[Stored data]
BEGIN

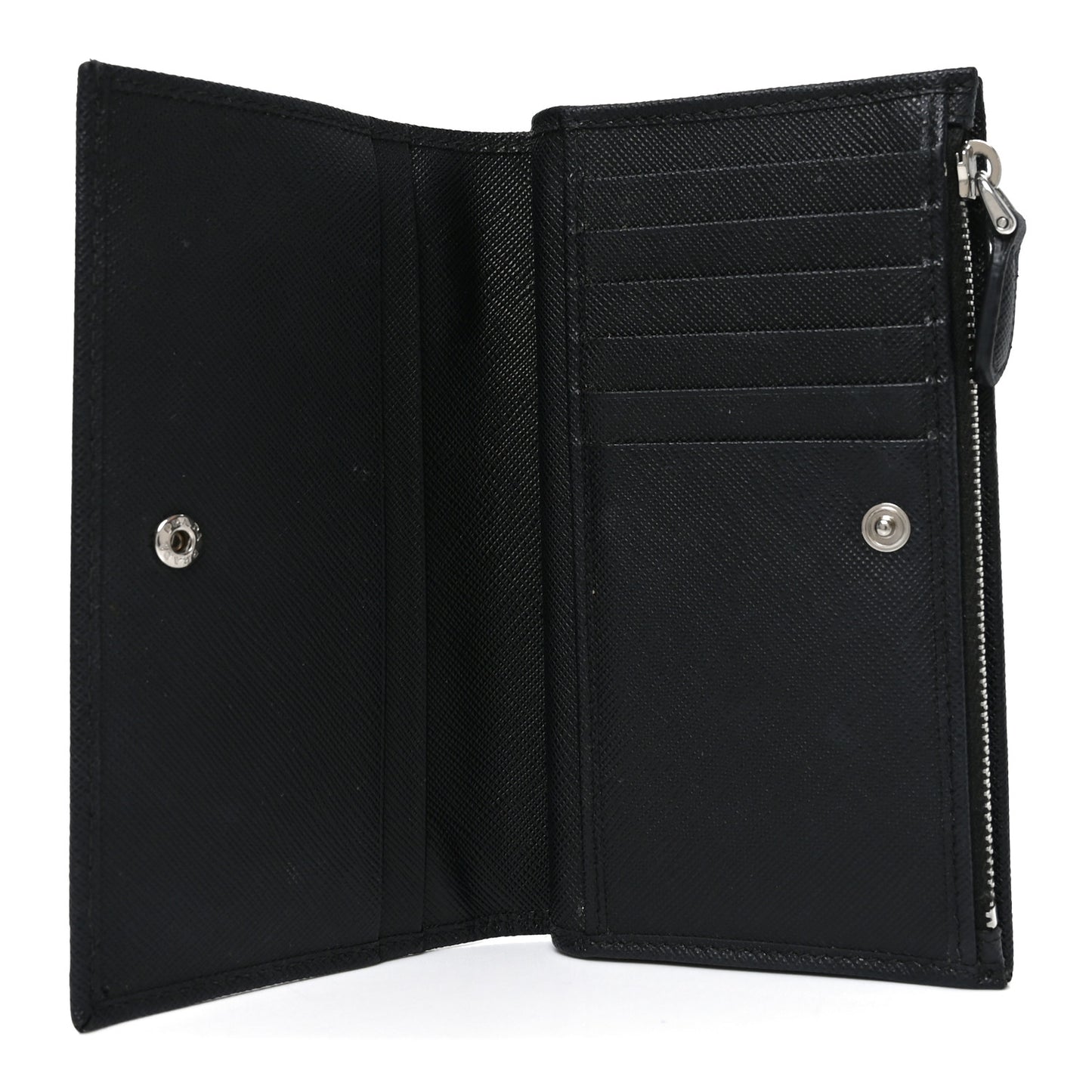 Saffiano Triangle Continental Zip Wallet Black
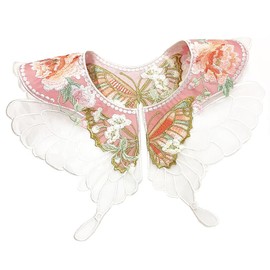 rabithenn Chinese Pink Butterfly with Peony Lace Cloud Collar Shawl Wrap Shoulder Scraf for Mamian Skirt Hanfu Handmade（Pink Dream）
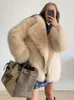 Fourrure de femme Chic Fluffy Revers Femmes Faux Manteau 2024 Hiver Femme Chaud Cardigan Veste Dame À Manches Longues En Peluche High Street Luxe Pardessus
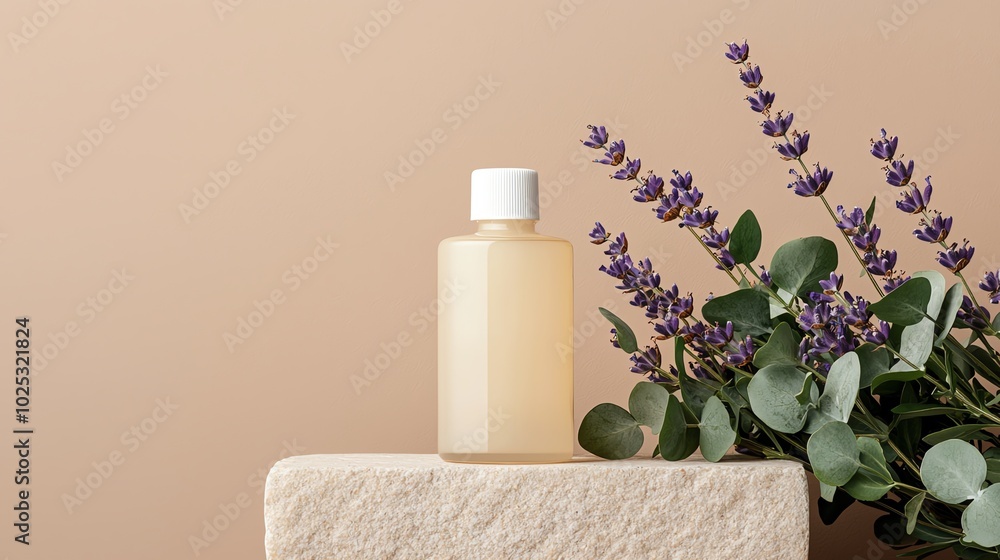 A minimalist skincare bottle on a stone with lavender and eucalyptus leaves. A minimalist skincare bottle on a stone with lavender and eucalyptus leaves.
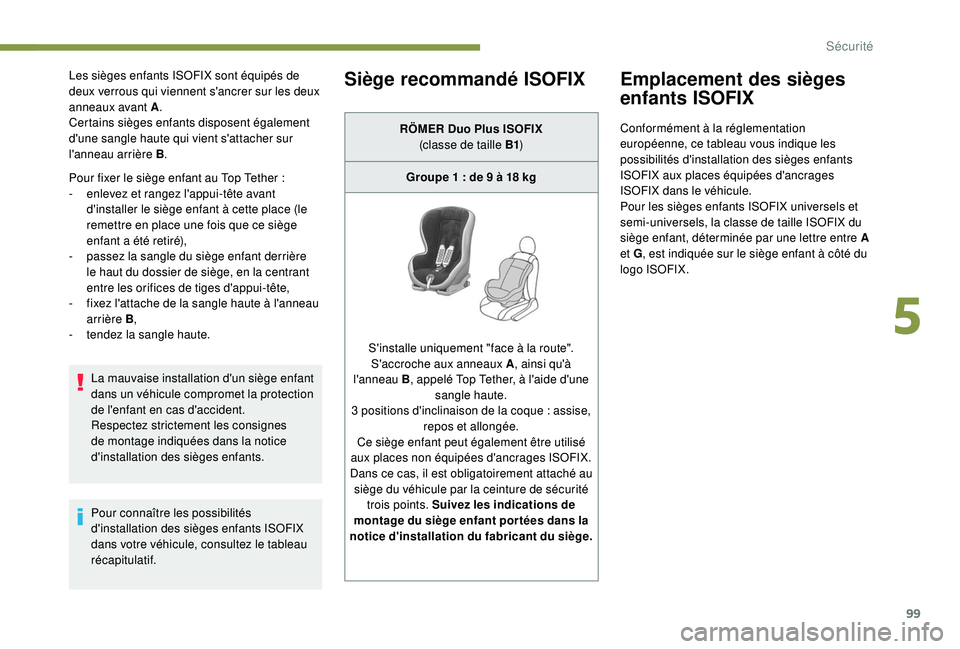PEUGEOT PARTNER TEPEE 2020  Manuel du propriétaire (in French) 99
Les sièges enfants ISOFIX sont équipés de 
deux verrous qui viennent s'ancrer sur les deux 
anneaux avant A.
Certains sièges enfants disposent également 
d'une sangle haute qui vient s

END

→ **What needs to be done**: Take the lines above from the one holding "deux verrous qui" to the last and output them exactly.

→ **Task result**:
deux verrous qui viennent s'ancrer sur les deux 
anneaux avant A.
Certains sièges enfants disposent également 
d'une sangle haute qui vient s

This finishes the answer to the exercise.